20日朝、台北市。11月26日の同市議選に出馬する与党・民進党の公認候補、陳聖文氏(24)が「皆さんに奉仕する機会を私に与えてください」と訴えていた。手を振る市民に陳氏は笑顔で応じた。
中国は民進党を「台湾独立勢力」とみており、両者は激しい対立関係にある。だが陳氏はかつて「親中派」の青年だった。
葬祭業を営む陳氏の父は2013年、中国に進出した。同年、中国政府が台湾企業への優遇措置などを発表し、中国でも事業展開できるようになったためだ。
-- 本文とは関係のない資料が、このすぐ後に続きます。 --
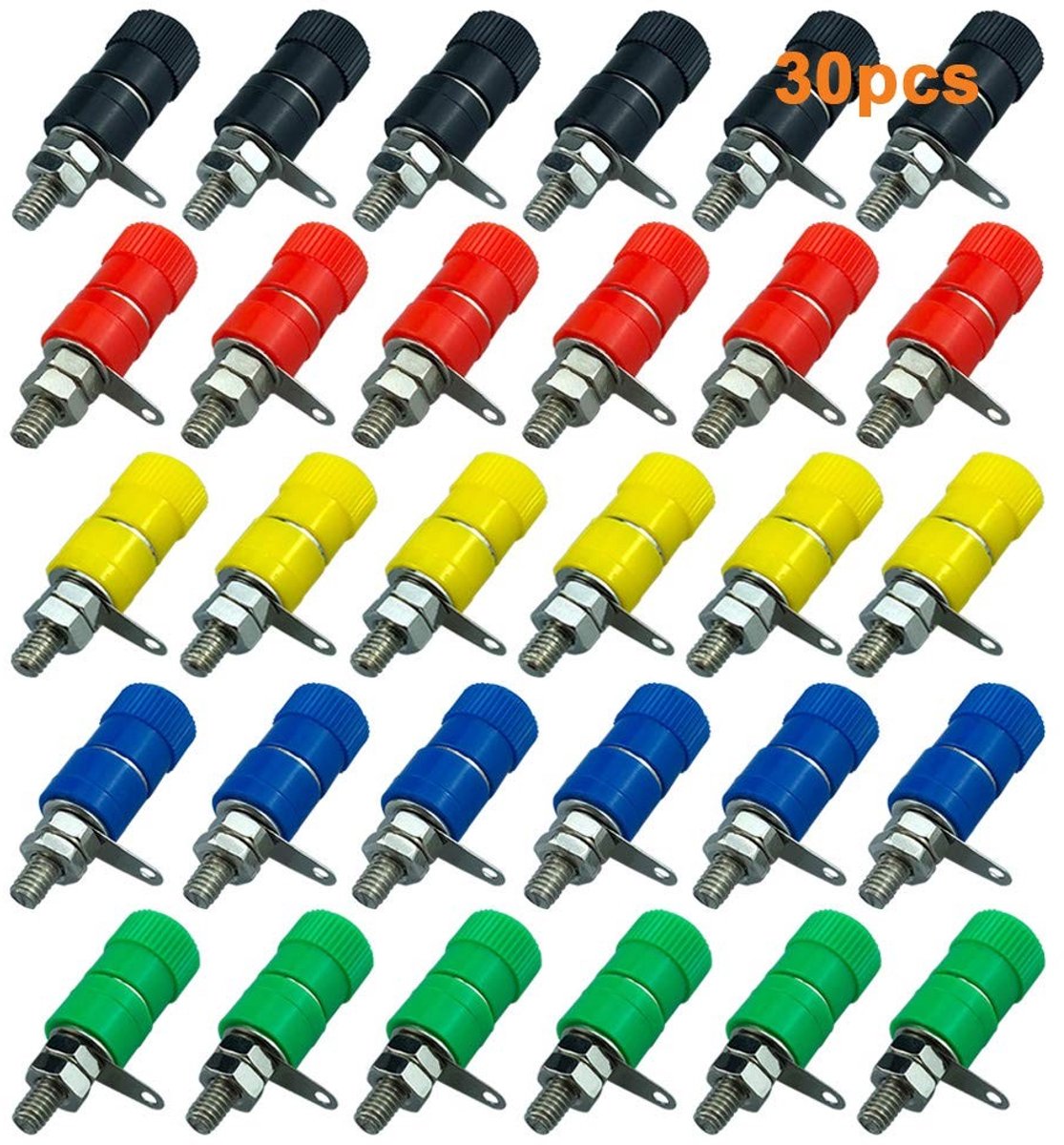 Set van 30 Premium 4 mm Banana Socket Binding Post Terminals met Couplers in 5 Kleuren voor Audio en Elektronica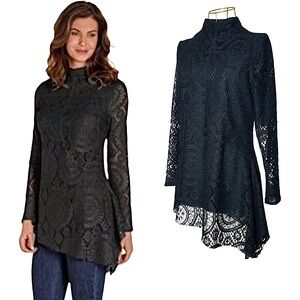 Soft Surroundings Black Lace Mock Neck Tunic Top w/ Asymmetrical Hem, Size Small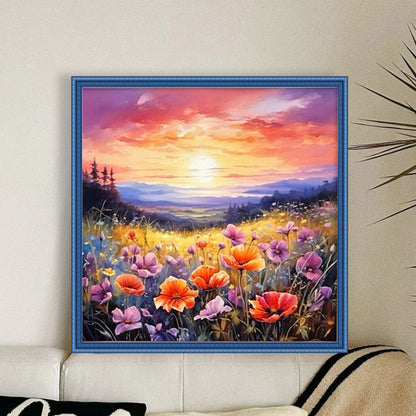 Poppy Flower Landscape - 11CT Stamped Cross Stitch 40*40CM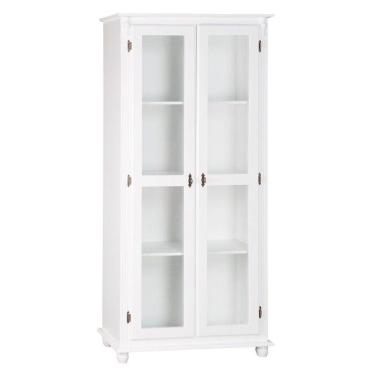 Imagem de Cristaleira com 2 Portas de Vidro e 3 Prateleiras Branca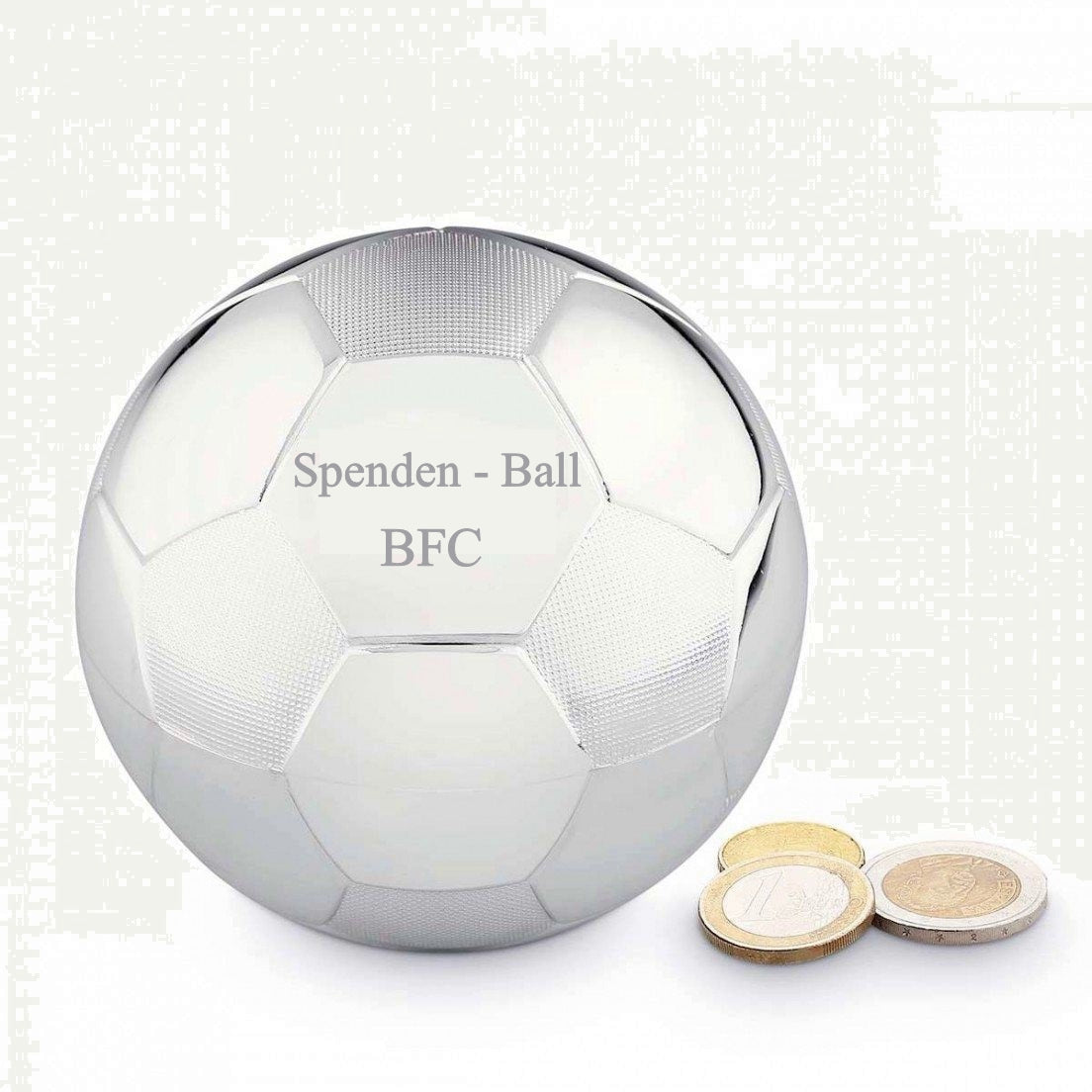 Spardose Fußball versilbert – Detailansicht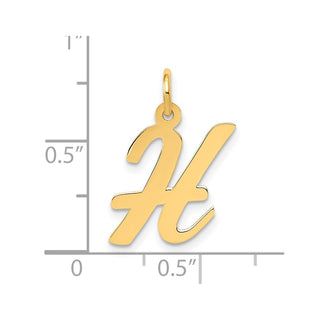 10K Yellow Gold Medium Script Letter H Initial Charm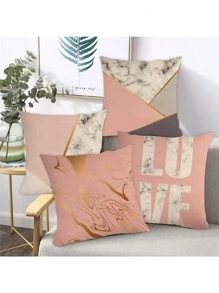 4入組粉紅色幾何與大理石圖案設計裝飾枕套（不含枕頭）,適用於裝飾家庭沙發 - 彩色 - 查看 1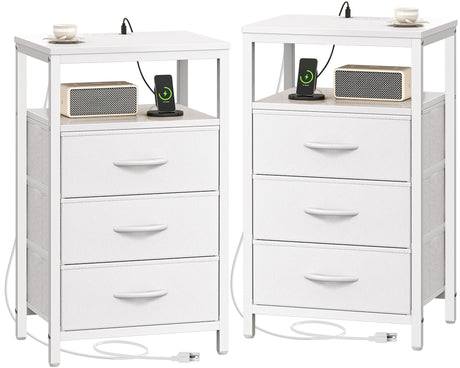Huuger Nightstands Set of 2, 27.6 Inch End Tables with Charging Station, Bedside Tables with Drawers, PU Leather Finish, USB Port and Outlet, Night Stands for Bedroom, White Huuger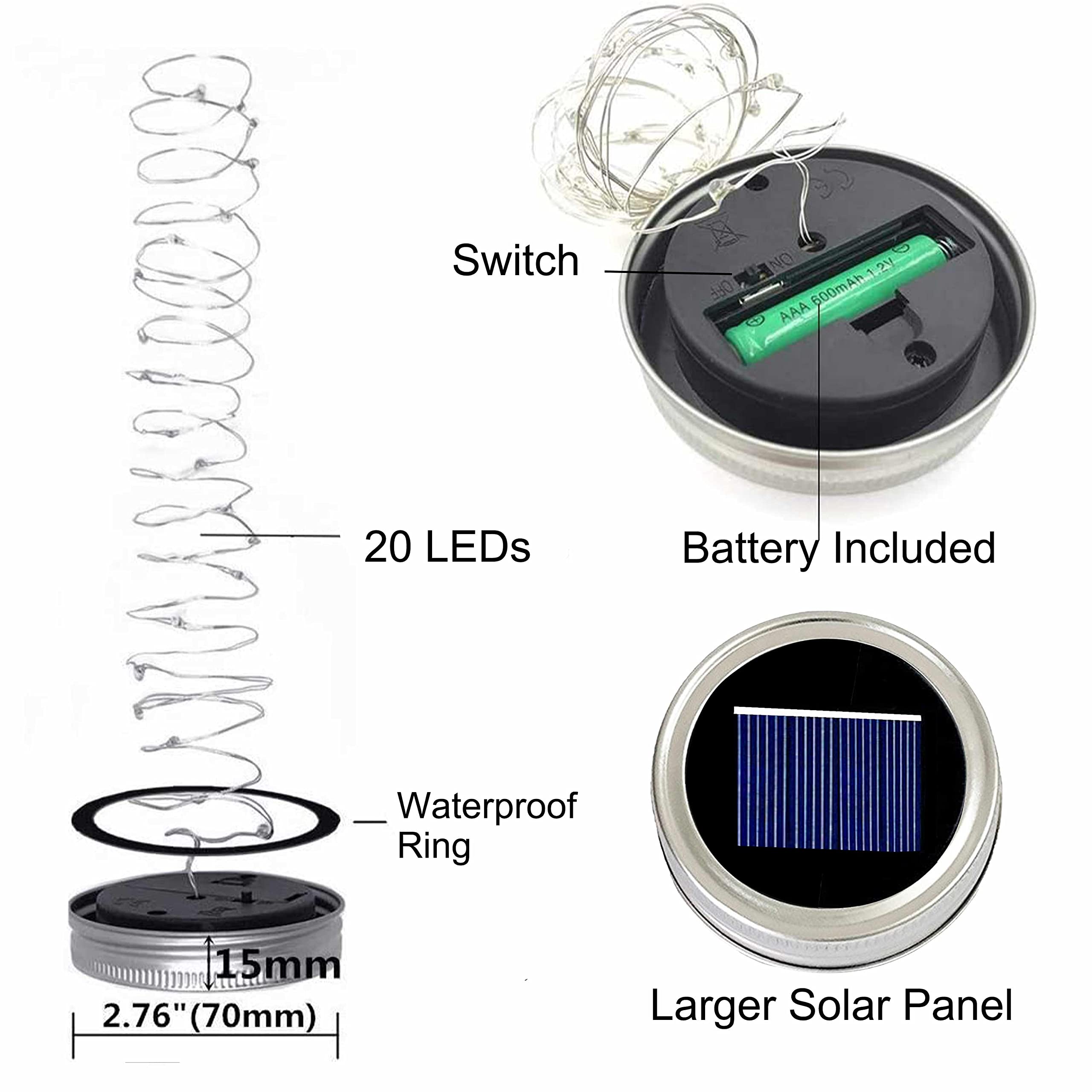 Decorman Solar Mason Jar Lid Lights, 6 Pack, 20 LED, Waterproof, 4 Color, Fairy String Lights for Garden, Patio, Party, Wedding, Christmas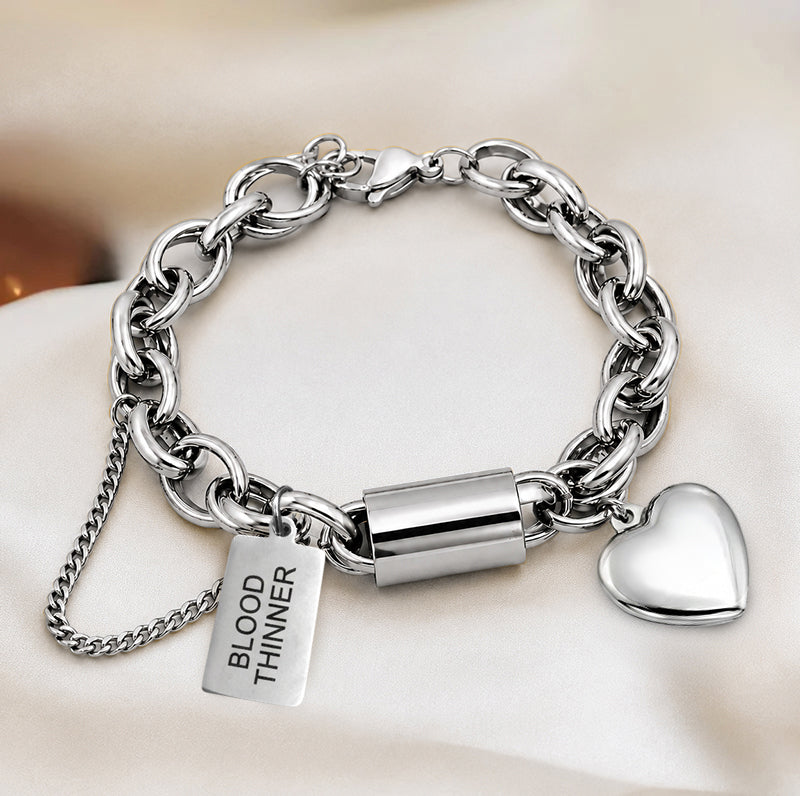Women's Heart Chunky Blood Thinner Medical Alert Bracelet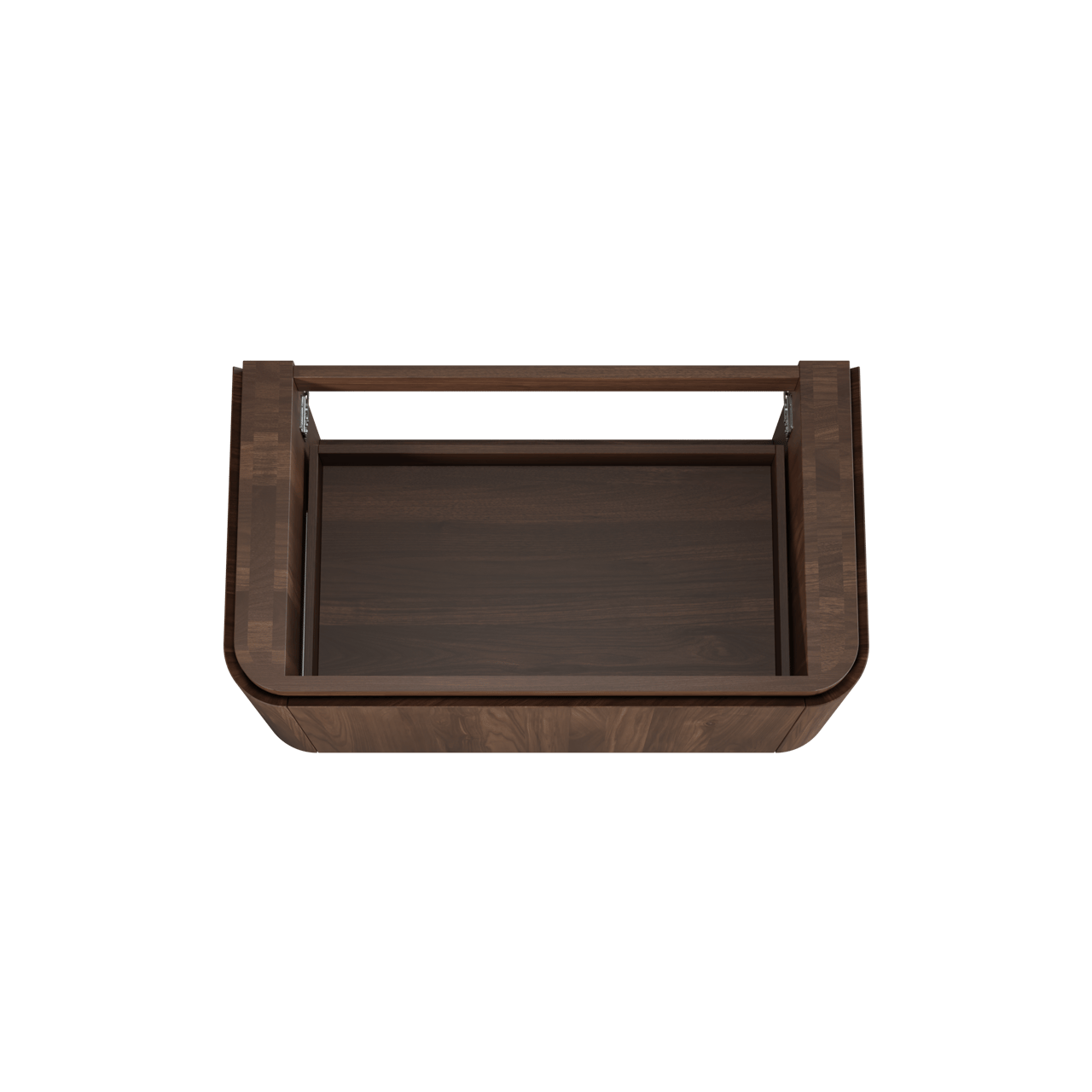 Balmani Moon hängender Waschbeckenunterschrank: 100 x 55 cm, Amerikanischer Nussbaum, 2 Schubladen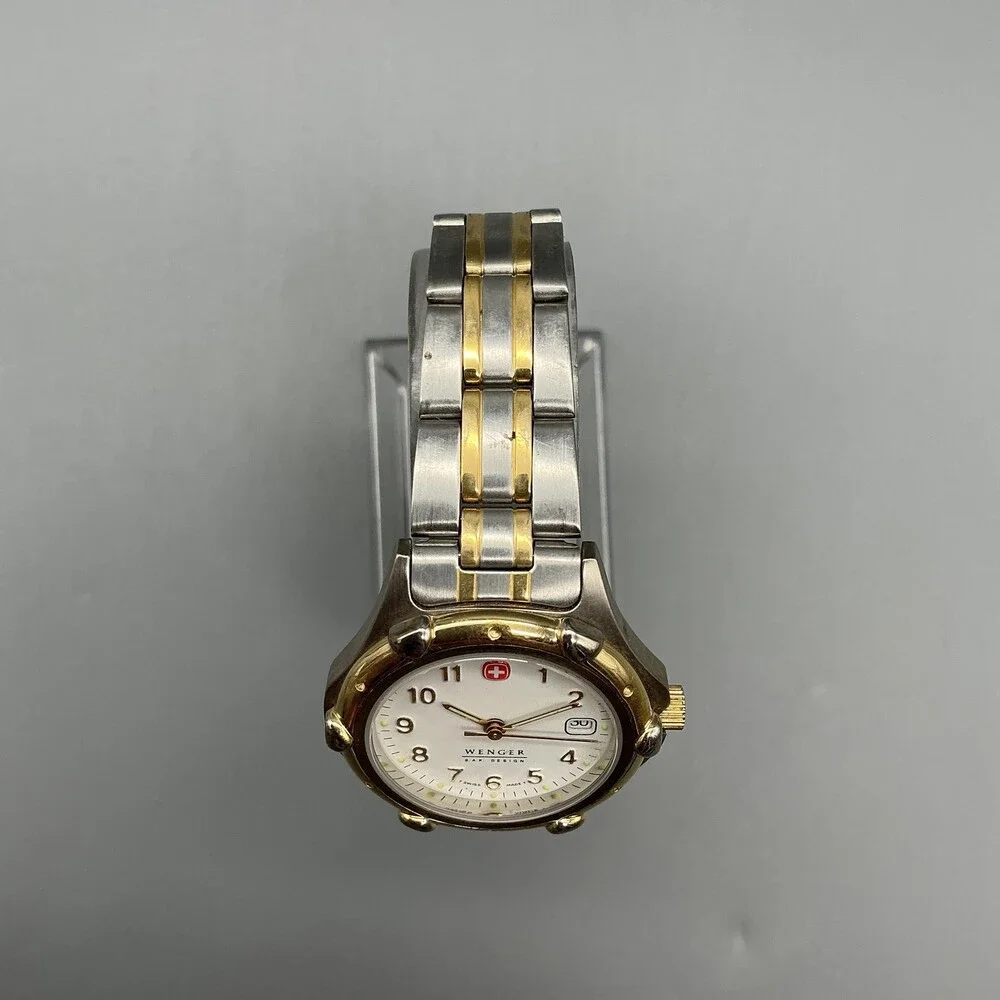 Wenger SAK Design Swiss Military Womens Watch 29mm Two Tone New Battery 6\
台湾は当時、対中融和路線を取る国民党の馬英九政権。中台関係が改善している時期だった。
陳氏は高校卒業後の16年、大学に通いながら父の仕事を手伝おうと上海に移り住んだ。この年、台湾では総統選で国民党候補を破った民進党の蔡英文氏が総統に就任。習指導部は17年以降、台湾への軍事的圧力を強め始めた。だが陳氏の生活に影響はなく、同年には知人の勧めもあり国民党に入党。中国側との交流活動にも積極的に関わった。
「中国で活躍している台湾青年」は中国政府にとって格好の宣伝材料だ。「台湾の同胞と中国大陸の発展の機会を分かち合う」。中国メディアは18年1月、こう題した記事を掲載した。中国で対台湾政策を担う高官が、中国に住む台湾出身者と面会したとの内容だ。この場に陳氏もいた。高官は「台湾同胞が中国大陸で仕事、生活、就学、就職をするうえで(中国人民と)同等の待遇を提供するため関連の政策を推進する」と約束。陳氏ら台湾学生側は「更に多くの台湾青年が大陸で仕事や起業をするようになる」と歓迎した。陳氏の氏名も中国メディアで報じられた。父は中国での事業を拡大して約40の拠点を築き、父子で順風満帆な中国生活を送っていた。